Indeed, the play proper is the interaction of the kitchen staff, their reactions to and recoveries from the many demoralizing bombing missions of Clyde. “I don’t count lines,” Aduba wisely notes, conceding that she has considerably less lines than her share. “I think this is more of an ensemble piece coming together, and that is the point of a play, is it not? Coming together?”

While the play speeds by without her, Aduba is seriously embroiled in preparing for her next annihilating walk-on. “We have quite a few quick changes, ranging from not just costumes themselves but also sometimes it’s a change of wigs, sometimes a quick change of nails.”

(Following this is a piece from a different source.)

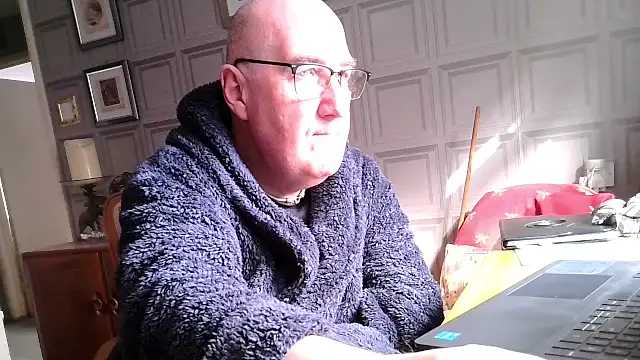 Snapshot of Adamdaddybear chatting on 03-11-25, 09:45 Adamdaddybear online show from 03-11-25, 09:45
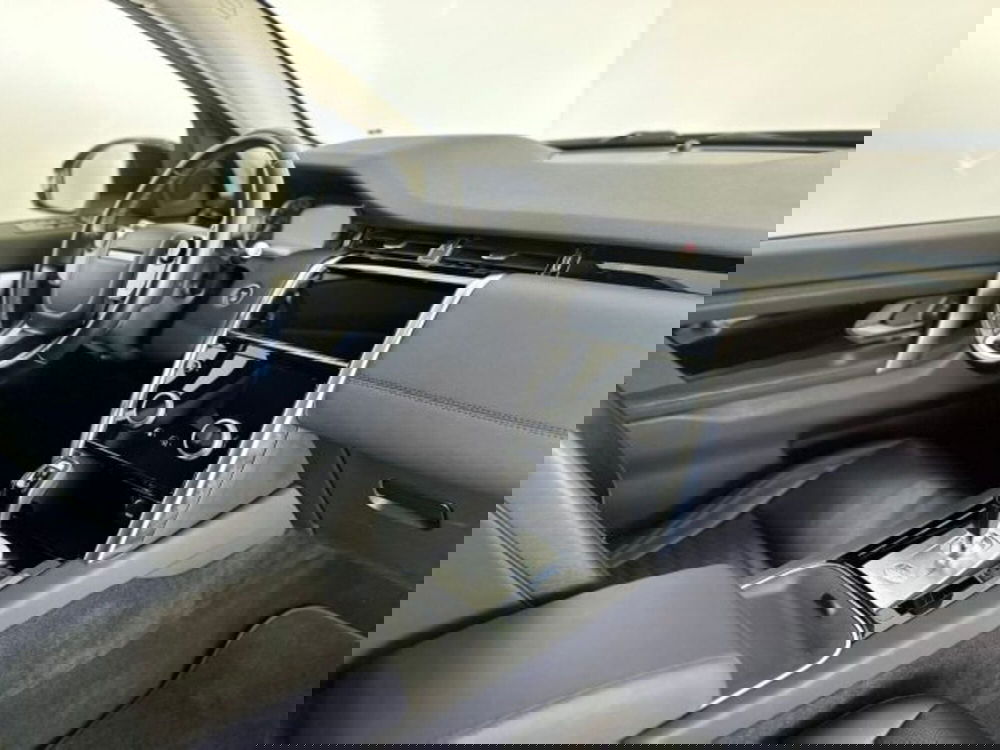 Land Rover Discovery Sport usata a Modena (7)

A team of two assists. “Jessie Mojica and Kate Sorg are their names, and they put it all together—the wigs, the nails, the clothing—for every single performance. The three of us do that every change—pinning and changing nails and shoes. Everything changes with every look. It’s very important to me and our costume designer, Jennifer Mueller, that we didn’t keep only one earring or one nail for the entirety of the play. Everything is very specific and deliberate with a woman like Clyde. She would never wear the same nails because it was just convenient.”

Clyde’s is Aduba’s first opportunity to work with Nottage and her Sweat director, Kate Whoriskey. “Both,” she says, “are incredible artists—creative and intelligent women who have collaboration between them and extend that invitation out to all of us on stage. They’re open and smart. I’m just grateful to share in their space and be part of this original Broadway cast.”

As for Clyde’s own criminal misstep, Aduba thinks that Nottage was wise to keep it a blur. (It is rumored that her lover changed “the safe word” on her, and Clyde forgot it. She herself admits her abuser won’t be doing that again.) “Why she was incarcerated is less important than how she came to be the woman she is. Her time in prison wasn’t what made her the woman she is. She’s really there to serve as a reflection of the world and how it treats a woman like her.”

Prison-wise, this is not Aduba’s first time at the rodeo, of course. She is best-known for the role of  Suzanne “Crazy Eyes” Warren, a highly combustible, maximum-security inmate on the Netflix series, Orange Is the New Black (2013-2019). The part won her an Emmy as 2014’s Outstanding Guest Actress in a Comedy Series and another Emmy as 2015’s Outstanding Supporting Actress in a Drama Series. She and Ed Asner are the only two actors to win Emmys in both the comedy and the drama categories for the same role.

Playing quite a different Shirley—New York Congresswoman Shirley Chisholm—won Aduba a 2020 Emmy for Outstanding Supporting Actress in a Limited Series in the Hulu miniseries Mrs. America. Making Aduba, Asner and Cloris Leachman are the only people ever to win in three different Emmy categories. 

And yes, she was up for another Emmy this year, playing Dr. Brooke Taylor, a therapist and a patient in the fourth season of HBO’s In Treatment. (Though she lost out to Olivia Coleman, don’t despair: she’s also nominated for a Golden Globe and a Critics’ Choice Award.)

Her In Treatment role is another mesmerizing performance that screams quiet strength. “I’d never done anything like that,” she admits. “It was like doing a play on screen—two people sitting, not moving much, just talking. It came at a right time for me and challenged me in a way I hadn’t been before.”

Clyde’s will run through Jan. 16, with the probability of extending till Jan. 30. Aduba knows exactly what she’ll be doing after that, but, relegating me to the kitchen help, she’s not telling.